Boyle isn’t some random backbencher either, for what it’s worth. He’s the ranking Democrat on the House Budget Committee. And if this matters, he went to Notre Dame.

It also wouldn’t be the first time Congress got involved with antitrust and college sports. Back in 2009, then-Sen. Orrin Hatch (R-UT) called for the Department of Justice to investigate the BCS. This happened after Utah, who was playing in the MWC at the time, didn’t get a chance to play for a national title.

Sen. Hatch, if I recall correctly, wasn’t a Utah fan (He went to BYU). I don’t even think he was that much of a sports fan. But he was a successful politician, and he knew enough to know that all of his constituents hated the college football power structure that kept all three of the state’s FBS institutions away from meaningful championship access.

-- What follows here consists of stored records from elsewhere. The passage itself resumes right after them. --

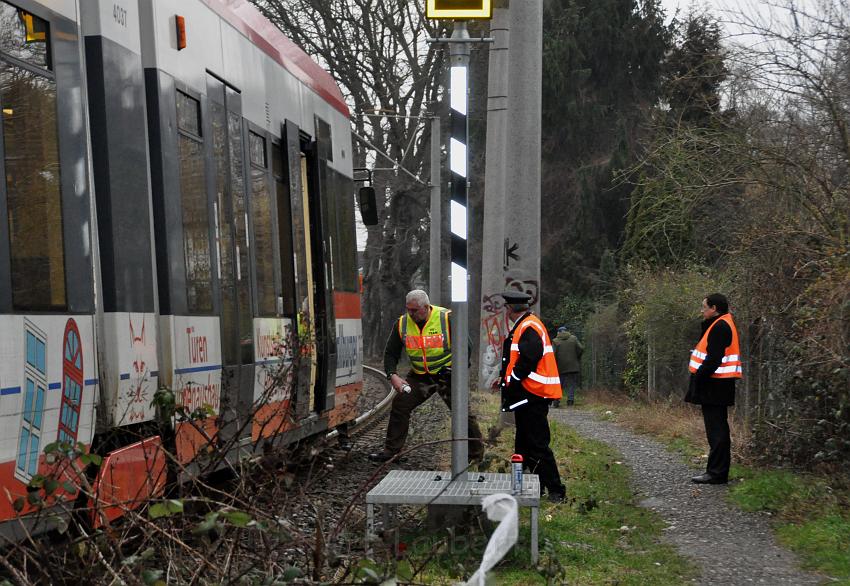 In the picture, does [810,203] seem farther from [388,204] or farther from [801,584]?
[388,204]

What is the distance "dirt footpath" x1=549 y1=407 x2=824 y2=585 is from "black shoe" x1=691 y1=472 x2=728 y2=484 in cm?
6

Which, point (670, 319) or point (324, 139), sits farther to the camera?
point (670, 319)

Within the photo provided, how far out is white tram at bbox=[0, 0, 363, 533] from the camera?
5.27 metres

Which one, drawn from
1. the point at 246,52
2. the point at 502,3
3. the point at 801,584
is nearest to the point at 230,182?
the point at 246,52

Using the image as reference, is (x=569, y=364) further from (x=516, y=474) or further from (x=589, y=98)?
(x=516, y=474)

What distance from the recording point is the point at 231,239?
325 inches

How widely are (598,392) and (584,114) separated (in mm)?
13435

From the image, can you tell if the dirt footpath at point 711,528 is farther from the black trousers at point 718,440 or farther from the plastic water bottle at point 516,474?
the plastic water bottle at point 516,474

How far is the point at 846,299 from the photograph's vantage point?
30.3 ft

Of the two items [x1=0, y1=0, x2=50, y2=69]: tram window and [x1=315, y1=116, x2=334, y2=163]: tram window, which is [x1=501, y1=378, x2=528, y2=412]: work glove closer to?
[x1=315, y1=116, x2=334, y2=163]: tram window

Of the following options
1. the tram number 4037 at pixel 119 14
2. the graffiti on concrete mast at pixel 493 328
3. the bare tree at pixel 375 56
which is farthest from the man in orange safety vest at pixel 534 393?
the bare tree at pixel 375 56

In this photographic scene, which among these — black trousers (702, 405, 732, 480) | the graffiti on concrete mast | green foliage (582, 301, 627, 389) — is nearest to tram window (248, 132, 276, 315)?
black trousers (702, 405, 732, 480)

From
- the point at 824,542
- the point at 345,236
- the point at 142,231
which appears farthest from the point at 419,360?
→ the point at 142,231

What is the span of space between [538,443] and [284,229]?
2562 mm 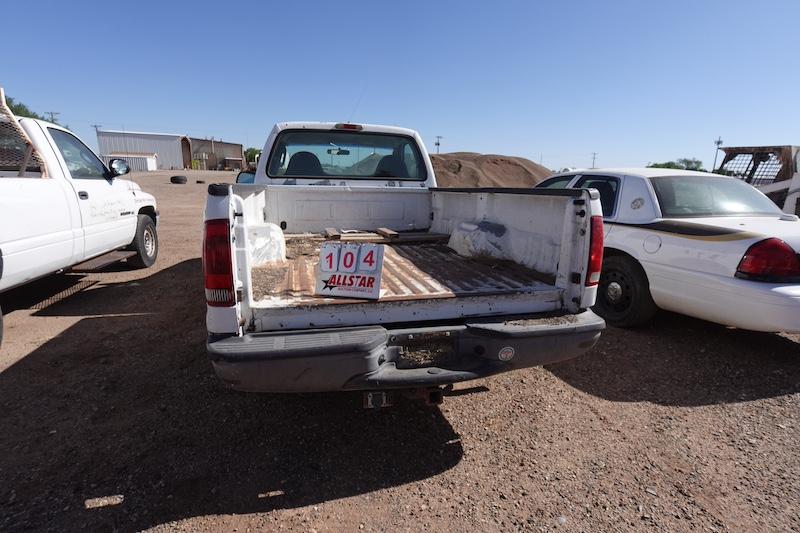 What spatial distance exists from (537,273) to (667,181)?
8.22 feet

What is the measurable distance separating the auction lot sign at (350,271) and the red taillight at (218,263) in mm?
506

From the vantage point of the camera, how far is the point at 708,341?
4.23 m

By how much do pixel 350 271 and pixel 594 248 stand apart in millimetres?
1452

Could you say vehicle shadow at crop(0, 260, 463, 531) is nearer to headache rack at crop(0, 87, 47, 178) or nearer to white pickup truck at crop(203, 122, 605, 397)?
white pickup truck at crop(203, 122, 605, 397)

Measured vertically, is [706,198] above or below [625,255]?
above

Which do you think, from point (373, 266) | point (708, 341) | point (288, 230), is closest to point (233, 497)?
point (373, 266)

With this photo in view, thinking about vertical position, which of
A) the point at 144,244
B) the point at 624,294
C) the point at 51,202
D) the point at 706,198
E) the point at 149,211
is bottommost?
the point at 624,294

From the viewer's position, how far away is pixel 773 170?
8.10 metres

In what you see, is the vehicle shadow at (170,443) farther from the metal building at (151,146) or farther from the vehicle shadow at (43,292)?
the metal building at (151,146)

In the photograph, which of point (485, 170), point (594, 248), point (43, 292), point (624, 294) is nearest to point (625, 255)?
point (624, 294)

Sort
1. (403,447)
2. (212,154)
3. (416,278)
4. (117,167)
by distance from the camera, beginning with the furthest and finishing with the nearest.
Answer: (212,154)
(117,167)
(416,278)
(403,447)

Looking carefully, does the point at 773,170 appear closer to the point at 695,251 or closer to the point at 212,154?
the point at 695,251

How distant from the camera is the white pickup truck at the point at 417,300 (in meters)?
2.07

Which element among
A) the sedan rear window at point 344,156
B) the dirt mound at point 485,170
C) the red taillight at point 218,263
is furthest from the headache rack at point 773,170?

Other lawmakers have gone after the NCAA, for slights real and imagined, over the last several decades as well.

The politics of legislation meant to explicitly crawl back the overreaches of the Big Ten and SEC are complicated, but I don’t think they are so far-fetched as to rule out completely.

Let’s look at this current US Senate. The bulk of our current group of Senators went to Ivy League institutions, but there are still plenty of folks who either went to FBS schools outside the P2, or who represent an awful lot of people who did. Perhaps more importantly, those folks tend to be Republican, meaning they’re closer to holding actual power on committees.

The head of the current Senate subcommittee on antitrust? That would be Sen. Lee (R-UT), another BYU grad representing a state completely outside the P4. He’s joined by Sen. Hawley (who represents Missouri but doesn’t have a Mizzou degree and has shown an interest in actual aggressive antitrust enforcement) and Sen. Tillis (R-NC, a state whose residents will be deeply invested in this issue).

Your Senate Finance committee chair? Sen. Crapo (R-ID), another BYU grad who happens to represent a bunch of Boise State grads, the school perhaps most screwed by the current power structure. Ted Cruz (R-TX), the current college sports legislative point person, heads the committee on Commerce.

Are there enough Big 12/ACC Republicans, along with Stanford-grad coastal Democrats, to potentially make things very difficult for Big Ten/SEC lobbyists, should they be so inclined? Yes, I think so.

Now, will that exact scenario happen? Who can say.

I legitimately believe there is enough support among Republican lawmakers to get a mostly narrow, NIL-focused, college sports bill out of committee. Whether it gets passed will depend on a zillion other factors, like if the bill can attract any Democratic support, what Trump does, whether other issues demand more time from lawmakers, etc.

The dirty little secret is that most US Senators don’t care that much about college sports. They didn’t go to big college sports schools, it isn’t part of their day-to-day lived environment, and it isn’t an issue that motivates powerful blocks of voters or lobbying groups. There are no single issue NIL-policy voters.

But if, I dunno, enough lawmakers were convinced the SEC was trying to leave the rest of the NCAA, or that the Big Ten was trying to turn the screws to keep the Southland Conference out of NCAA championships, or, shoot, that Greg Sankey turned woke or something…yes, I could absolutely see some absolutely adversarial hearings get scheduled.

So much of the ‘discourse’ around college sports and Congress is centered around NIL. I get that. That’s what most of the hearings have been about, after all. That’s where the lobbying action is.

But when you invite…wait, scratch that. When you beg Congress to get involved and fix your problems…don’t be surprised if those same lawmakers become curious about a bunch of other stuff. The sort of stuff that the most powerful folks in college sports would prefer was left well enough alone.